A semana começa com um novo capítulo da crise entre setores do Governo e da Oposição na Paraíba. O motivo é a reunião da Comissão Mista do Orçamento do Congresso Nacional atualmente em sistema de consulta em diversos Estados do País -, mas que, em nosso Estado os contornos internos terminaram afetando a normalidade dos trabalhos.
Expliquemos: publicamente, antes mesmo da reunião acontecer na próxima sexta-feira, há um conflito de informação gerado pela crise no quesito que diz respeito ao local do encontro, pois a Assembléia Legislativa fez veicular nota convidando a todos para a reunião em seus aposentos, enquanto a assessoria da Comissão Mista de comum acordo com o senador José Maranhão assegura que os trabalhos vão se realizar no auditório da FIEP, em João Pessoa.
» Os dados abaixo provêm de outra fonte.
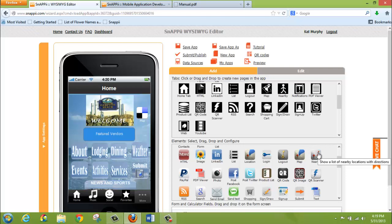The Nearby tab allows you to show certain categories of vendors or information based on the user's geographical location and taking advantage of the device's GPS functionalities. There is a video already available that talks about nearby functionality if you would like to learn more specifically about how that button works.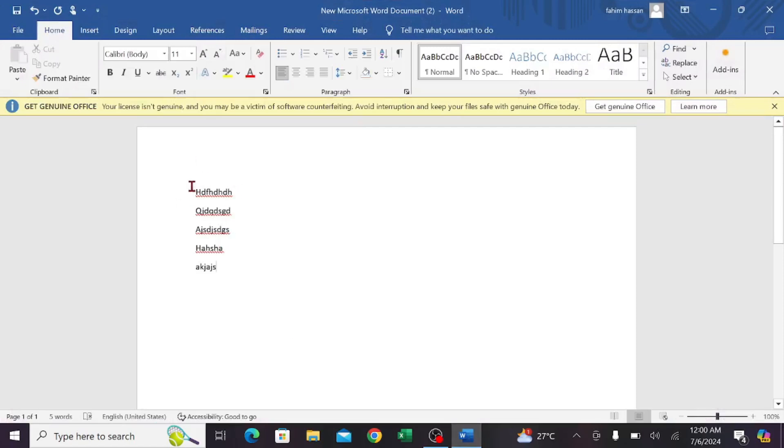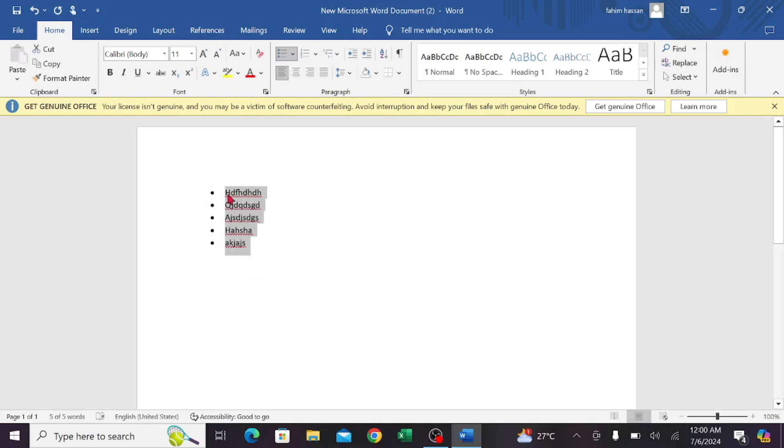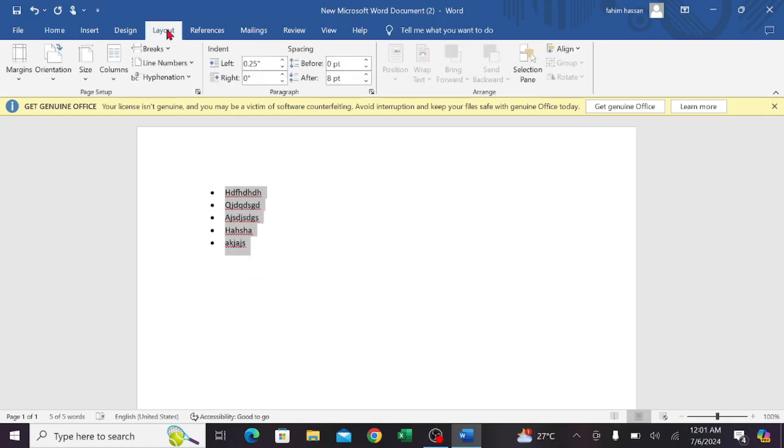To make the bullet points, select all of them and click the bullet point button on top. The bullet points are ready. To make them side by side, go to the Layout option here.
Para o leigo, tanto faz ser num lugar como noutro em tese, o que não é verdade, porque nem o senador Maranhão quer debater o Orçamento na Assembléia Legislativa, hoje presidida pelo deputado estadual Artur Cunha Lima, como, na mesma proporção, se o encontro for na FIEP terá a ausência completa da base aliada do Governo.
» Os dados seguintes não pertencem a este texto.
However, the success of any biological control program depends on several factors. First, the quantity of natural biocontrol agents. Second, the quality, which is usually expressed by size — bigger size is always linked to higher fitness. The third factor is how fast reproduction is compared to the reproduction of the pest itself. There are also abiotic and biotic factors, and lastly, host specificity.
Para entendimento ainda dos leigos, deva-se dizer que as reuniões da Comissão nos estados, a exemplo do que aconteceu neswta segunda-feira em Fortaleza têm sido realizadas nas Assembléias Legislativas.
Só que, na Paraíba, como a crise política em face do embate jurídico faz a Oposição não validar dialogo algum com setores do Governo, resultado vamos estar com uma reunião previamente prejudicada porque já nasce predisposta a não poder reunir todas as instâncias de representação política porque a crise, sobretudo com a radicalização do senador Maranhão, não permite dar guarida ao Governo e/ou aliados de Cássio.
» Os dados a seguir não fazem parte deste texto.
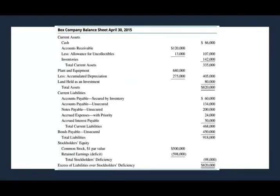Let's talk about this company, Box Company. They filed for chapter 11 reorganization and this is what their balance sheet looks like now. This is their original balance sheet. We're going to go through a series of transactions through the reorganization process, then compare this balance sheet to the balance sheet after the reorganization.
O argumento do senador é de que não há estrutura e espaços adequados na Assembléia Legislativa do Estado condição essa questionada por diversos personagens da cena política porque esse mesmo espaço já serviu para inúmeras posses de Governadores, inclusive do próprio Maranhão.
Ninguém diz, ninguém assume, mas eis novo flagrante para expor nossa difícil condição de vida democrática abalada pela falta de diálogo entre nossas lideranças.
Em síntese, quem perde mais uma vez é a Paraíba velha de guerra diante de um tipo esse de guerra, que só nos prejudica.